IN LATE JUNE, the trustees of the College Board voted unanimous approval for the most dramatic changes in the history of the SAT, the venerable admissions test that is a gatekeeper of so many American colleges. Beginning in March 2005, the analogy questions that have tormented test-takers since the first SAT in 1926 (untruthful is to mendacious as circumspect is to cautious, etc.) will be abolished. In their place will be more reading comprehension questions, similar to those that already make up most of the verbal test. The math section, which now tests arithmetic, geometry, and basic algebra, will add problems from advanced algebra, while the quantitative comparison questions (which is greater, 2x or x squared, etc.) will be dropped. Finally, a new, separately scored 50 or 60 minute writing test will be added, consisting of multiple choice questions on grammar and usage and a handwritten essay.
The immediate impetus for redesigning the SAT was the attack on the test launched early in 2001 by University of California president Richard Atkinson. Himself a cognitive psychologist and an authority on testing, Atkinson charged that the use of the exam was distorting educational priorities and practices. The SAT, he suggested, though intended to measure verbal and mathematical reasoning ability or aptitude independent of particular courses of study, in reality was more a measure of students' test-taking skills. Recounting a visit to his grandchildren's private school where he found 12-year-olds already being drilled weekly on SAT-type analogies, Atkinson argued that students were wasting valuable
time inside and outside the classroom preparing for the test, time that could be better spent learning history or geometry or English.
Atkinson also asserted that analysis of three decades of undergraduate data at the University of California had shown that the SAT II subject tests, in conjunction with high school grades, were actually a slightly better predictor of success in college than the SAT, and that adding the SAT to the mix improved the predictive power by only a trivial increment. (Interestingly, the same data also seem to show that the SAT II writing test is the best single predictor overall.) Since the SAT II tests could thus be substituted for the SAT without any sacrifice of predictive validity, Atkinson recommended that the University of California system drop the SAT requirement in favor of the SAT II or similar achievement tests assessing mastery of specific college-preparatory subject matter.

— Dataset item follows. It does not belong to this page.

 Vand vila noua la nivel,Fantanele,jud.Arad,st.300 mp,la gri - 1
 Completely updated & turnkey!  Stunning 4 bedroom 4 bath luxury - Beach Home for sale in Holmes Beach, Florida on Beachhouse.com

Atkinson's bombshell was front-page news. Losing the University of California as a customer would have been a severe setback for the authority and predominance of the SAT--perhaps a fatal one. Indeed, several liberal opponents of standardized testing gleefully predicted that California's defection would prove to be the beginning of the end for the "Big Test." To many conservatives, on the other hand, Atkinson was not a hero but a villain. They suspected him of attempting an end run around Proposition 209, which had banned racial preferences in California's public colleges and universities.
On this view, liberal egalitarians were bent on killing the test because it stood in the way of achieving a politically correct ethnic mix on campuses; the attack on the SAT was the vanguard of an attack on all standards of merit. In truth, some of Atkinson's statements lent support to these suspicions. He did argue that the SAT was unfair or perceived as unfair to minorities and that it devastated the self-esteem of otherwise accomplished people; and he did plead in the long run for a less test-driven, "more holistic, more comprehensive" evaluation of candidates. (And, independent of the SAT controversy, recent University of California admissions preferences for those who have suffered various hardships or "life challenges" strike some critics as so selectively awarded as to constitute backdoor affirmative action.) But in hindsight it is clear that both liberal and conservative responses to Atkinson tended to fixate on the issue of abolishing the SAT, while ignoring his central demand: to replace aptitude tests with tests of achievement.